# What to produce
Go over the entries and report the lines where the word "wood" occurs.

Extracted records
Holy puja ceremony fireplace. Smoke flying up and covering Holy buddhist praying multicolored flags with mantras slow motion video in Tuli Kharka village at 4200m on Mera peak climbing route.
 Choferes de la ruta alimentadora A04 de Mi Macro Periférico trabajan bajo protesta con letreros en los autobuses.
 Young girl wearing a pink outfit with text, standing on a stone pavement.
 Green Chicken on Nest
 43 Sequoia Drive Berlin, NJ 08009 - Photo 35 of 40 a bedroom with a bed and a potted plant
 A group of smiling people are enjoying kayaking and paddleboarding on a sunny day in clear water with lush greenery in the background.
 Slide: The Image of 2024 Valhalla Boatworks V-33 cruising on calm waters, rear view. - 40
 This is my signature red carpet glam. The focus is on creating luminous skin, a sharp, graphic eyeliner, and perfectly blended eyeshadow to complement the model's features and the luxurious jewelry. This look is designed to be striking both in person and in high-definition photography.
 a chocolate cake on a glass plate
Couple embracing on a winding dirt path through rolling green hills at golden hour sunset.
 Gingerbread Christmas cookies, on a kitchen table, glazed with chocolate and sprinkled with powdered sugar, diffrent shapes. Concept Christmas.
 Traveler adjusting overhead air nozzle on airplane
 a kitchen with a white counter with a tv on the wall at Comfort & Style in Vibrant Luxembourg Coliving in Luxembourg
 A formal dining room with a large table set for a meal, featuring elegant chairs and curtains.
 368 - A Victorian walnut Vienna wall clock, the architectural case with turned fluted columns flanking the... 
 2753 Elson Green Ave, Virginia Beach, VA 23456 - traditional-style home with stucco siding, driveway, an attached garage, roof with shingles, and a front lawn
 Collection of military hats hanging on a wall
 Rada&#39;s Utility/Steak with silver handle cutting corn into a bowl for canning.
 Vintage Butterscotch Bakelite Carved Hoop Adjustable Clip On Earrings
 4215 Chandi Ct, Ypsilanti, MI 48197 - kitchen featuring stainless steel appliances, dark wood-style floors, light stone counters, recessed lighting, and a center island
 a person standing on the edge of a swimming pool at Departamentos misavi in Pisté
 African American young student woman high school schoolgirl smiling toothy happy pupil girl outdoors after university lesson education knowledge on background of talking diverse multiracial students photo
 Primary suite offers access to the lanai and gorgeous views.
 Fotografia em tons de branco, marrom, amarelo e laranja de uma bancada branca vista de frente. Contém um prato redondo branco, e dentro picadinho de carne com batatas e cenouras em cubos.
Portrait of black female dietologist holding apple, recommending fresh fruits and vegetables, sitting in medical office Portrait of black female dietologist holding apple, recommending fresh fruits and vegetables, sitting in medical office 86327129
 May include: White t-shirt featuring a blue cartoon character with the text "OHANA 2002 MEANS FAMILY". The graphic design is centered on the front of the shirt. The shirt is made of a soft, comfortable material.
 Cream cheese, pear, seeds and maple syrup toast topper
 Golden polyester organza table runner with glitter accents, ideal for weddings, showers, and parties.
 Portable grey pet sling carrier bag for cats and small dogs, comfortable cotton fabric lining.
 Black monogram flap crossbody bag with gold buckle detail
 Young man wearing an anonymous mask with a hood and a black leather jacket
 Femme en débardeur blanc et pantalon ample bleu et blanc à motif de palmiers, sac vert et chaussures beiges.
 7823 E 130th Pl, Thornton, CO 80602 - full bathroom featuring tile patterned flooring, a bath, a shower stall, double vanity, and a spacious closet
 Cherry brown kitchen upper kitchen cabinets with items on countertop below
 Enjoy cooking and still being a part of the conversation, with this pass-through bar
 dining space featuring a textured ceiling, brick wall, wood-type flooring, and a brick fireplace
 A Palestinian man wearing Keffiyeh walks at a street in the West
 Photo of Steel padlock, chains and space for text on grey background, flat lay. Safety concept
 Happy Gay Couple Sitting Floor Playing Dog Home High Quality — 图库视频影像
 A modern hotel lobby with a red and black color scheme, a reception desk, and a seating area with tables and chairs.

# Expected answer
 4215 Chandi Ct, Ypsilanti, MI 48197 - kitchen featuring stainless steel appliances, dark wood-style floors, light stone counters, recessed lighting, and a center island
 dining space featuring a textured ceiling, brick wall, wood-type flooring, and a brick fireplace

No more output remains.